* _Directions for this task_:
Write out, word for word, every line from the one containing "265-50-20 Michelin Tyre" through the last line of the records below, both ends included.

=== Records supplied ===

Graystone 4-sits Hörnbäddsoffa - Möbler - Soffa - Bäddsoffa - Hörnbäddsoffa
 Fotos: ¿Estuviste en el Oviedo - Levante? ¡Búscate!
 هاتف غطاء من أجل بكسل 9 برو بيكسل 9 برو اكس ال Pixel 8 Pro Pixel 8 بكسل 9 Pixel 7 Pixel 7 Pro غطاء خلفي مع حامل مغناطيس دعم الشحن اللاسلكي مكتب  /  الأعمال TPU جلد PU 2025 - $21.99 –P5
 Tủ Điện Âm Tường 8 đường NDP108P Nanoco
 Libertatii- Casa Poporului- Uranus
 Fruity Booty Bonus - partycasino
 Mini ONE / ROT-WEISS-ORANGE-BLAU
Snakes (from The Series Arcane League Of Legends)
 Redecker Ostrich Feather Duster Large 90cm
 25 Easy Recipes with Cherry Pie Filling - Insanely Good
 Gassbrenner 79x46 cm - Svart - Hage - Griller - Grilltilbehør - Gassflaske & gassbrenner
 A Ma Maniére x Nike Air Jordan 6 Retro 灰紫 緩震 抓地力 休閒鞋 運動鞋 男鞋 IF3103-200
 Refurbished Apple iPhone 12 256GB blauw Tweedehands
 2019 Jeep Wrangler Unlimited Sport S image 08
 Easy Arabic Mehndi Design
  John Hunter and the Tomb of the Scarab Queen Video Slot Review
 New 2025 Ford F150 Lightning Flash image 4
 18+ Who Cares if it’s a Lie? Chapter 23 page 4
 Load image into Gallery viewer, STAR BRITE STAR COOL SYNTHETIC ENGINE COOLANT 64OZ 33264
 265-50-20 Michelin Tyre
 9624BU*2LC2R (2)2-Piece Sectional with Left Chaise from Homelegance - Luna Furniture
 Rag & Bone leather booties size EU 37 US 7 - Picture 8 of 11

===

* _Solution to this task_:
 265-50-20 Michelin Tyre
 9624BU*2LC2R (2)2-Piece Sectional with Left Chaise from Homelegance - Luna Furniture
 Rag & Bone leather booties size EU 37 US 7 - Picture 8 of 11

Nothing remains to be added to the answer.